One can only assume that Blatter’s decision to dispense mercy to Warner was not simply a mater of rewarding past loyalty, but a means of guaranteeing it in future, too. For those of you whose taste runs to the Sopranos, Warner is in many ways in the position of Bobby Bacala, all the more loyal to the Boss for having had an offence forgiven. He has therefore been careful not to criticize Blatter directly on this issue – it was Blazer, not Warner, who issued the condemnation. The closest Warner has come to saying anything about the rotation policy is to deliver a frankly weird rant about how Britain shouldn’t be allowed to host 2018 because, as the terrace chant goes, “nobody likes them”. That was about as direct as he could get without offending il capo.
(Note to Jack: buddy, just remember that when the shooting started, Bobby was the first to go.)
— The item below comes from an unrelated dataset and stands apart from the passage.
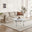 Skye Round White Marble Glass and Metal Coffee Table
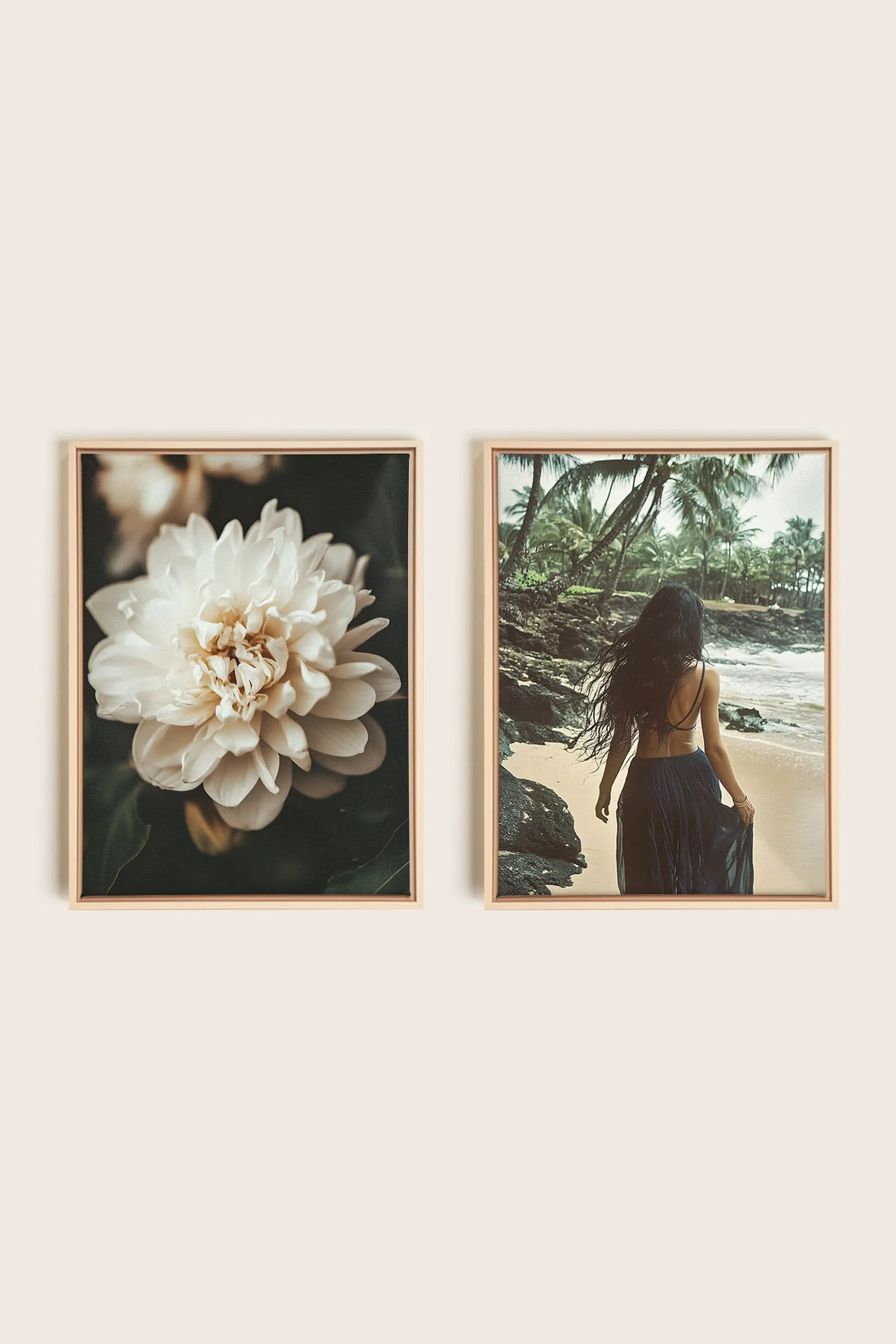 OLEKA CANVAS - DUO DANSE DU VENT, 2 Oeuvres sur toile étirée, encadré Naturel Clair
But all may not be lost for CONCACAFers looking for a World Cup bid, because there’s a fair chance that Brazil 2014 won’t come off. There has been a lot of feverish speculation about 2010 being yanked from South Africa on grounds of poor security and late stadium construction. While all things are possible, it is highly unlikely at this late date, that South Africa will lose the Cup because preparations are reasonably well advanced and the political fall-out of yanking the event at this point (remember, Africa contains almost a quarter of all FIFA members) would be tremendous.
Not so, Brazil. The country’s transportation infrastructure is chaotic, their stadiums are in lousy condition, and, as Brain Homewood reported in last month’s World Soccer, they have a terrible record at running large events. The recent pan-American games in Rio were a financial fiasco, with stadium construction and renovation costs running 8 times over budget. In organizational terms, Brazil makes South Africa look like Switzerland. And the confederation they dominate – CONMEBOL – only has ten votes at FIFA, which provides them with less political protection if FIFA gets twitchy.
This gives one some reason to believe that we haven’t heard the last about the venue for the 2014, and that either Mexico or the United States (more likely, both) may in about four years time be asked to step in as “emergency hosts” for the Cup, just as Mexico did in 1986 when Colombia lost the staging rights due to security concerns.